Barragem da Aguieira com mais capacidade para mitigar cheias no baixo Mondego
APA apela à população para ter em conta as recomendações e avisos das entidades competentes, garantindo que a situação está a ser monitorizada "a toda a hora" e existe um dispositivo preparado para intervir.
O presidente da Agência Portuguesa do Ambiente (APA) disse este domingo que a barragem da Aguieira está abaixo da cota de referência e com muita capacidade de retenção de água para mitigar eventuais inundações no baixo Mondego.
Em Coimbra, no final de uma reunião de trabalho com autarcas em que participou o secretário de Estado da Proteção Civil, José Pimenta Machado salientou aos jornalistas que a barragem está com "muito encaixe" para responder a uma semana que se prevê muito difícil em termos de precipitação, segundos as previsões meteorológicas.

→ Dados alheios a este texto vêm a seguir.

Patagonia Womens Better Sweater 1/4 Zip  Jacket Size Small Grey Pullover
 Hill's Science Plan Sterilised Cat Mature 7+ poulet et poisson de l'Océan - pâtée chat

"Estamos muito bem preparados para o evento de hoje ao final do dia e que vai ganhar intensidade a partir da madrugada de segunda-feira", referiu o presidente da APA, salientando que as cotas das barragens da Aguieira e das Fronhas foram descidas para existir "encaixe para amortecer a cheia".
Segundo Pimenta Machado, a quota da Aguieira, que regula o caudal do rio Mondego, estava esta tarde na cota 115,9, abaixo da cota de referência.
O responsável salientou que foram tomadas todas as medidas necessárias para enfrentar os picos de precipitação previstos para esta semana, que se prevê "muito difícil".
"Provocámos pequenas cheias controladas para não termos uma cheia descontrolada", sublinhou o presidente da APA, que alertou também para o aumento dos caudais de rios que não têm monitorização, como o Ceira e o Alva, afluentes do Mondego.
O secretário de Estado da Proteção Civil, que substituiu a ministra do Ambiente e Energia na reunião de trabalho, alertou este domingo a população do Baixo Mondego para três episódios de precipitação intensa previstos para segunda-feira de madrugada, quinta-feira e domingo.
Rui Rocha apelou à população para ter em conta as recomendações e avisos das entidades competentes, garantindo que a situação está a ser monitorizada "a toda a hora" e existe um dispositivo preparado para intervir.
"Apesar de estarmos em territórios que convivem com estas situações [cheias], estamos numa situação excecional e, portanto, deixo um apelo forte à responsabilidade coletiva e individual de cada um para o cumprimento de todas as indicações que cheguem", frisou.
No sábado ao início da noite chegou à região um grupo de 24 fuzileiros da Marinha Portuguesa com seis botes, distribuídos pelos concelhos de Coimbra, Soure e Montemor-o-Velho, para a eventualidade de ser necessário intervir.
Além destes meios, e em caso de necessidade, a região conta com mais 17 embarcações próprias.
A passagem da depressão Kristin por Portugal continental, na quarta-feira, causou pelo menos cinco mortos, segundo a Proteção Civil, vários feridos e desalojados. A Câmara da Marinha Grande contabiliza ainda uma outra vítima mortal no concelho. No sábado, outros dois homens morreram ao caírem de um telhado que estavam a reparar, um no concelho da Batalha e outro em Alcobaça. Na madrugada de domingo, um homem morreu no concelho de Leiria por intoxicação com monóxido de carbono com origem num gerador.
Quedas de árvores e de estruturas, corte ou o condicionamento de estradas e serviços de transporte, em especial linhas ferroviárias, fecho de escolas e cortes de energia, água e comunicações são as principais consequências materiais do temporal.
Leiria, por onde a depressão entrou no território, Coimbra e Santarém são os distritos que registam mais estragos.
O Governo decretou situação de calamidade, que foi prolongada este domingo, após uma reunião do Conselho de Ministros, até dia 08 de fevereiro.